The script allows the user to use -f, -w, or -o on the command line to choose a format. Since these are stored as True (a Python boolean value), they can also be treated as the integer value 1. If more than one is selected, the parser generates an error.

Otherwise, the script sets an appropriate encoding string to be used with GStreamer later in the script. Notice the Ogg Vorbis selection also includes a quality setting, which is then included in the encoding. Care to try your hand at an easy change? Try making a parser argument and additional formatting code so the user can select a quality value between -0.1 and 1.0.
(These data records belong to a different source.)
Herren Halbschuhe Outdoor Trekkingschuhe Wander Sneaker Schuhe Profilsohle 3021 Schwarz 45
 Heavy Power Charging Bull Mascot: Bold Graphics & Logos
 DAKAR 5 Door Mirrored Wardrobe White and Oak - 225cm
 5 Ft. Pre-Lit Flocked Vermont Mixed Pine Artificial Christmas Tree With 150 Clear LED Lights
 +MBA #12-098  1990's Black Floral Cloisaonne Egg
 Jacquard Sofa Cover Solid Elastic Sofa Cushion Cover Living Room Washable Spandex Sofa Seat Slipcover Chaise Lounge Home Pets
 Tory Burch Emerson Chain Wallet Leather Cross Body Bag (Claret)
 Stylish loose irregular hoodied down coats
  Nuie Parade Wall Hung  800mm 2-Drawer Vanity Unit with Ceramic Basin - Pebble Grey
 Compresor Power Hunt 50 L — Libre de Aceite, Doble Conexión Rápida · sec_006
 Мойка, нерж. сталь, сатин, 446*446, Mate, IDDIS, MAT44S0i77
Notice also that for each of the file formats that allows tagging (WAV does not), the script imports a different tagging class. This way the script can have simpler, less confusing tagging code later in the script. In this script, both Ogg Vorbis and FLAC are using classes from the mutagen library.

Getting CD info

The next section of the script attempts to load MusicBrainz info for the disc. You’ll find that audio files ripped with this script have data not included in the Python code here. This is because GStreamer is also capable of detecting CD-Text that’s included on some discs during the mastering and manufacturing process. Often, though, this data is in all capitals (like “TRACK TITLE”). MusicBrainz info is more compatible with modern apps and other platforms.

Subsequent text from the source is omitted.